▶ _TASK DESCRIPTION_
Each and every line below goes into your answer unchanged, but leave out the images.

────

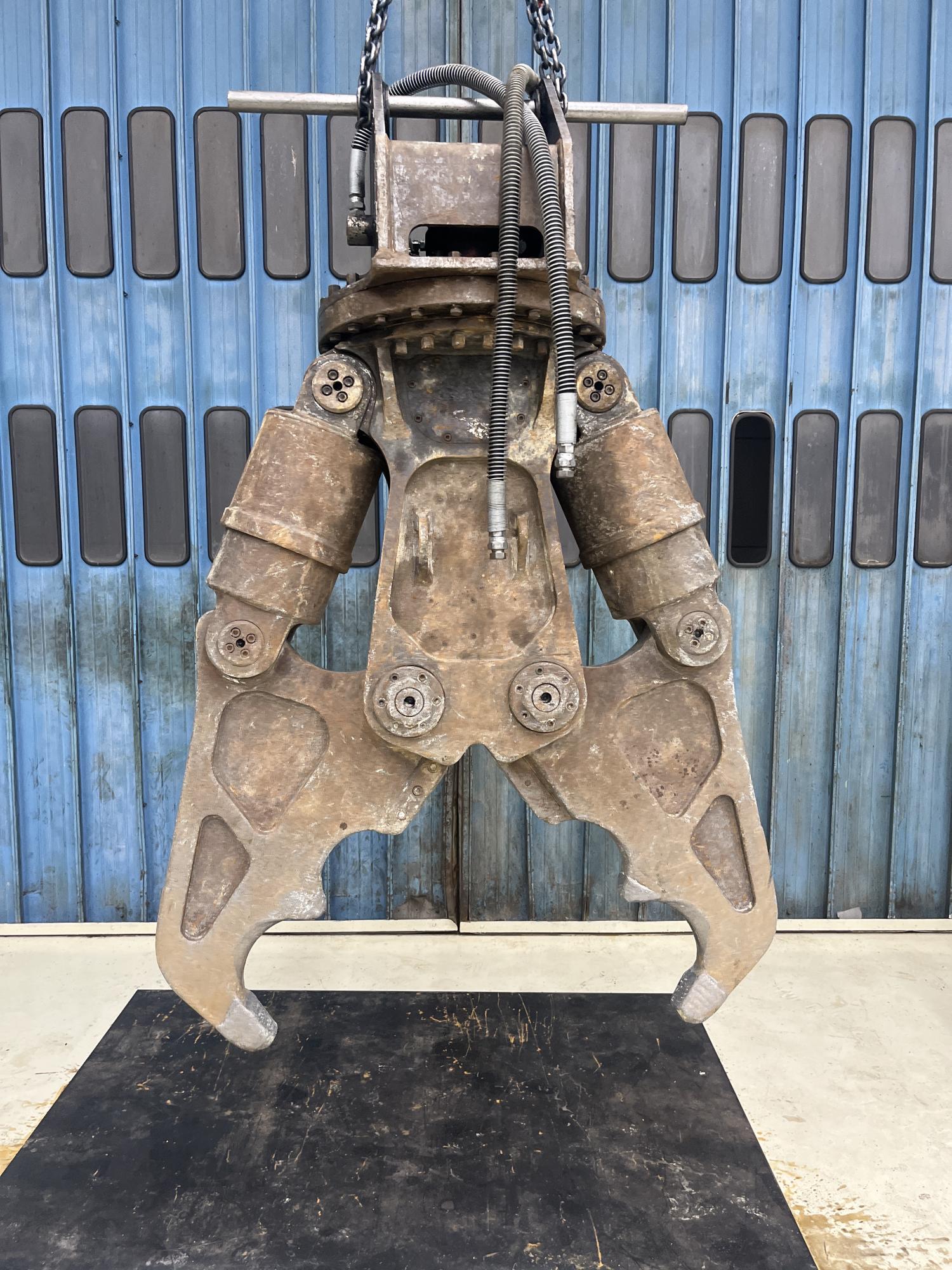 タグチ認定中古 ツインシリンダ　D大割機　10～14ton　D-135A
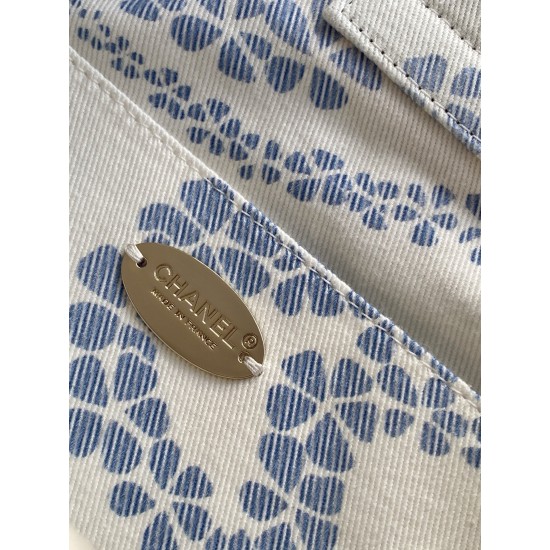 780 25M The color scheme of this season's beach bag is simply killing crazy gentle orchid like spring cherry blossoms falling romantic and sweet and whiny blue and white color scheme summer flavor full of star R print denim over gold metal collision simpl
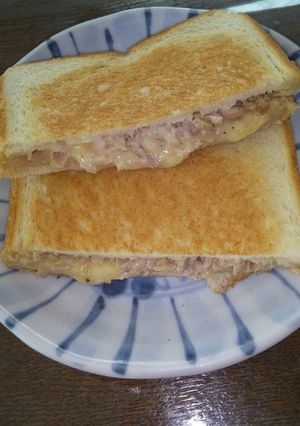 ツナとチーズのホットサンド-レシピのメイン写真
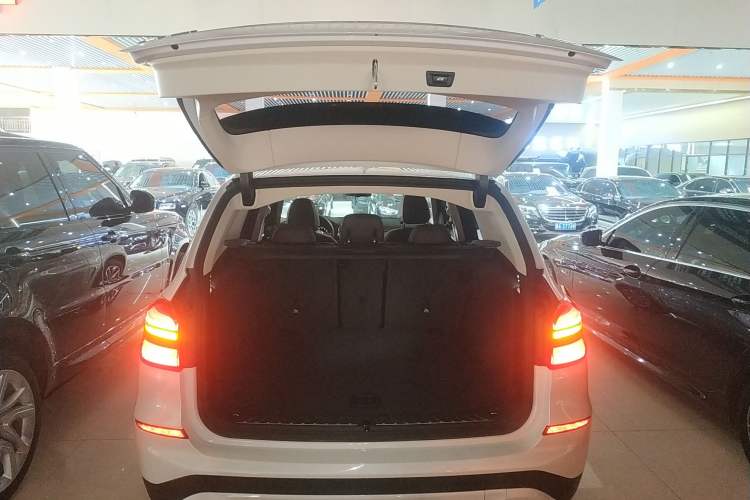 Used BMW X3 2019 xDrive25i Luxury Package Trunk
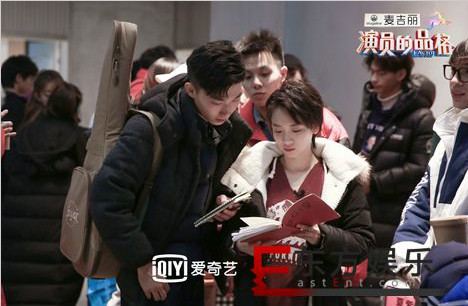 《演员的品格》赛制残酷全场泪崩,服化道精良引网友热议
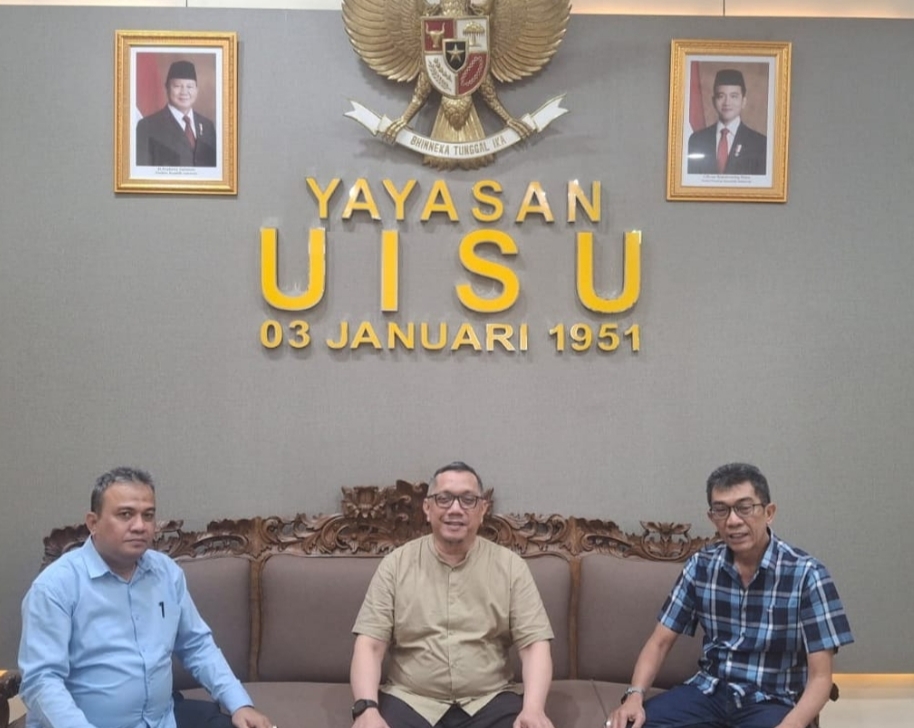 Ketua Umum PY UISU Ir. Indra Gunawan, MP didampingi Sekretaris Umum M. Idris, SH.MH dan Bendahara Umum Ir. Armansyah, MT poto bersama.(humas) 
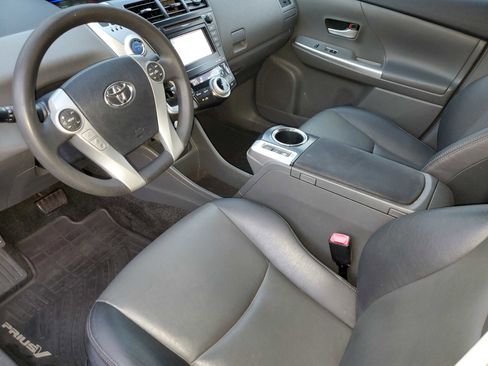 Used 2012 Toyota Prius V Five FWD image 9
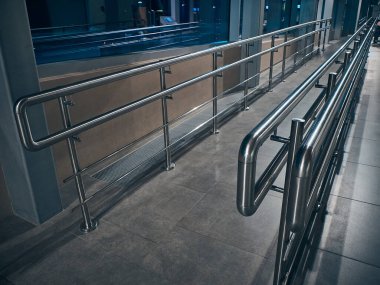 Engelliler ve krom parmaklıklar için rampa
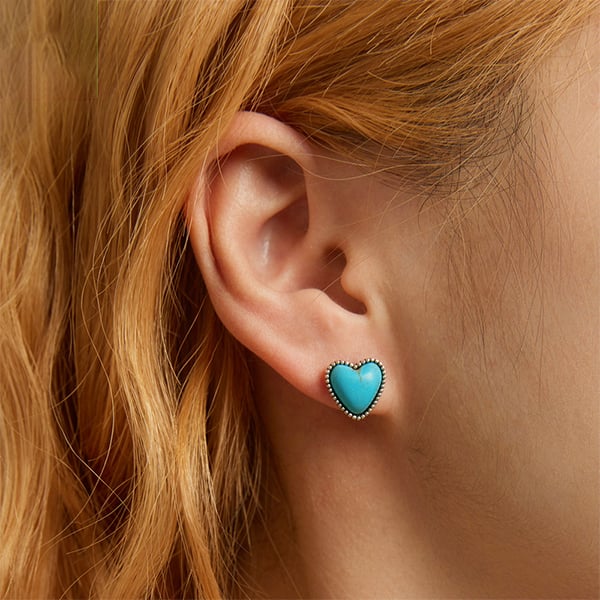 Zilveren hartvormige oorbellen met turquoise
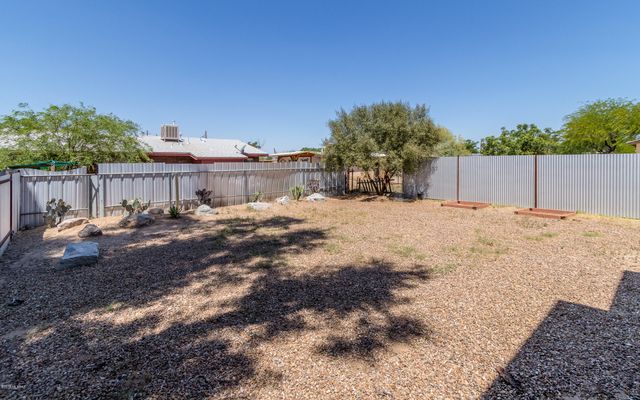 3307 N Tyndall Avenue, Tucson, AZ 85719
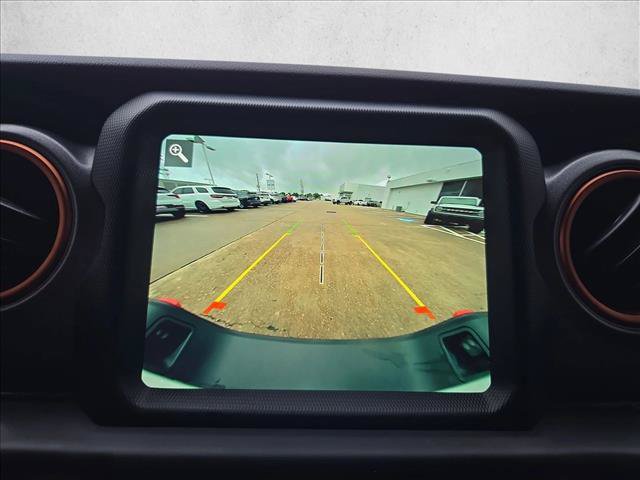 Used 2022 Jeep Gladiator Mojave w/ LED Lighting Group AWD/4WD image 12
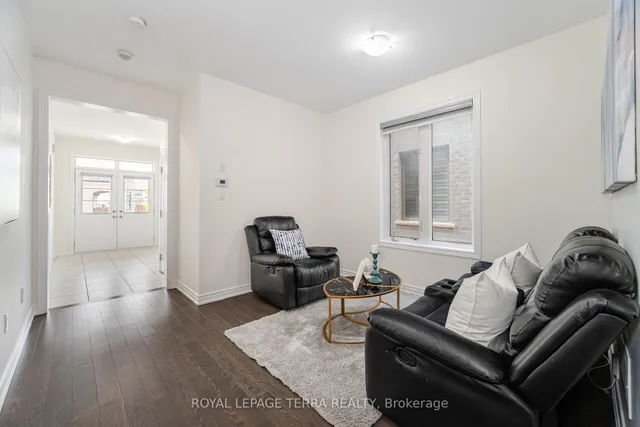 Additional image 7 of 47 Cobriza Cres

────

▶ _EXERCISE RESPONSE_
 タグチ認定中古 ツインシリンダ　D大割機　10～14ton　D-135A
 780 25M The color scheme of this season's beach bag is simply killing crazy gentle orchid like spring cherry blossoms falling romantic and sweet and whiny blue and white color scheme summer flavor full of star R print denim over gold metal collision simpl
 ツナとチーズのホットサンド-レシピのメイン写真
 Used BMW X3 2019 xDrive25i Luxury Package Trunk
 《演员的品格》赛制残酷全场泪崩,服化道精良引网友热议
 Ketua Umum PY UISU Ir. Indra Gunawan, MP didampingi Sekretaris Umum M. Idris, SH.MH dan Bendahara Umum Ir. Armansyah, MT poto bersama.(humas) 
 Used 2012 Toyota Prius V Five FWD image 9
 Engelliler ve krom parmaklıklar için rampa
 Zilveren hartvormige oorbellen met turquoise
 3307 N Tyndall Avenue, Tucson, AZ 85719
 Used 2022 Jeep Gladiator Mojave w/ LED Lighting Group AWD/4WD image 12
 Additional image 7 of 47 Cobriza Cres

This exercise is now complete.